I don’t know exactly how long it’s been. Maybe five or six years? I think it was 2013 when I first fiddled with 29+ tires, and the world just hasn’t looked the same since.

But lots of people have ridden plus tires. They feel different from everything that came before but still sort of normal. Like, normal, but with more cush and additional privileges bestowed upon the rider. I briefly rode 26″ x 4″ tires and they were crazy capable but equally slow. That phase burned hot, bright — but only briefly before I moved on. Where I really turned a corner was when I started riding “B Fat,” aka 27.5 x 3.8″ tires.

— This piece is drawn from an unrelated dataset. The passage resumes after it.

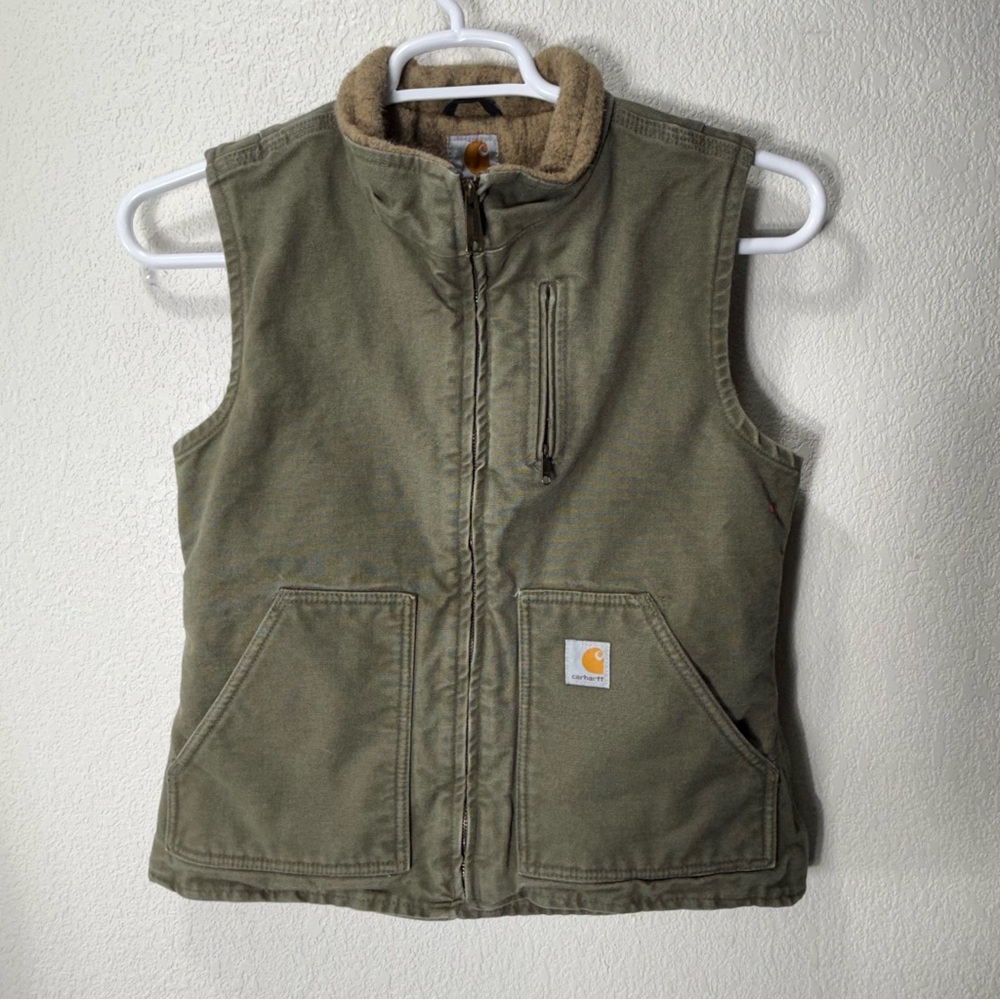 Carhartt Lined Canvas Duck Vest Women's Medium Green WV001 LOV Workwear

There is something about this combo that just works for me as a daily driver on the Colorado Plateau. The ability to run high single digit pressures is part of it. The capability of five or six inches of travel suspending the rider above those meats is another.

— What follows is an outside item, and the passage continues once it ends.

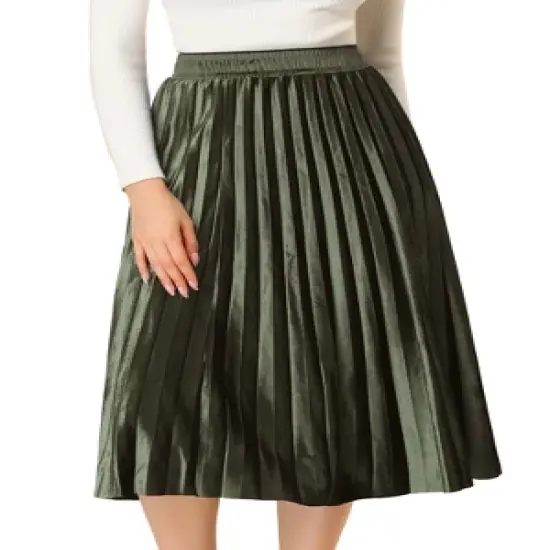 Allegra K Women's Accordion Swing Metallic Party Midi Pleated Skirt image {7}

There are other options for this wheelsize out there—I’ve ridden every one I could get my hands on—but it took Devin Lenz and his fabrication wizardry (Lenz Sports) to dial in the geometry.

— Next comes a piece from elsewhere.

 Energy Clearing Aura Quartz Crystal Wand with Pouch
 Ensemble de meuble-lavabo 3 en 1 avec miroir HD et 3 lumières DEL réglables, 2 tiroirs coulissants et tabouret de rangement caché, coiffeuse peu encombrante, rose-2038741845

Tires this size will never approach the climbing speed of a 29er with 2.5-inch tires. But the rougher the trail, the more chossy the line, the more amped up the landing, the more the Lenz Fatillac shines.

I don’t enjoy crowds so as they continue to flock to my current home trails I find myself riding more of the fringe routes and lots of off-piste. This chassis shines at that sort of thing: Plump tires to smooth out the rough, low gearing to tractor up anything, sporty geometry to keep me grinning when things point down, and tying it all together is supple, tractable, tunable suspension that can be (and has been) dialed to suit me. Or you.


It’s not much of a secret that I did unspeakable things to my body in the years that I was harassed by endurance racing demons. I’m paying that bill now. I need a cushy, compliant ride or I’m limited on how long I can ride or how often. I’m delaying ankle fusion as long as I can because that’s a one-way street, and in that hopefully substantial interim the Fatillac pictured here is my ticket to ride.

I mentioned above that I turned a corner when I started riding B Fat. It’s sort of like eating plain macaroni every day and being perfectly fine with it. Then one day you discover that you can has cheese…

The past few years have seen a steady stream of manufacturers offering bikes that can be swapped from 29 x 2.5″ wheels to 27.5 x 2.8″. Choices are good, right? The bummer is that that size of 29″ tire is so harsh, and that variant of a 27.5″ tire is so short. From where I sit that combo is literally the worst of both worlds—unless we’re talking 26″. Which we aren’t.

In a similar vein, I have a second wheelset with 29 x 2.8″ tires that I can quick-switch into this bike when needed. I spent about 30 minutes micro-shimming the rotors out such that no brake adjustments are needed: When I want to swap wheels for a ride it’s a two-minute job and out the door I go.

But that’s rare. I like cush—pretty much require it—and the calm, competent cushiness of the B Fat Fatillac has been a revelation this spring.

Our trails have only been dry enough to ride for roughly three weeks, and in that time I’ve repeatedly torched my legs while incinerating endorphins (and grinning ear to ear) six days out of every seven.

It’s not for everyone. No one bike is. If you like chunky, chossy, messy trails, or exploring washes and off piste, or steamrolling through babyheads…

And a video of Mike enjoying his bike with the big meats


This post originally appeared at Lacemine29.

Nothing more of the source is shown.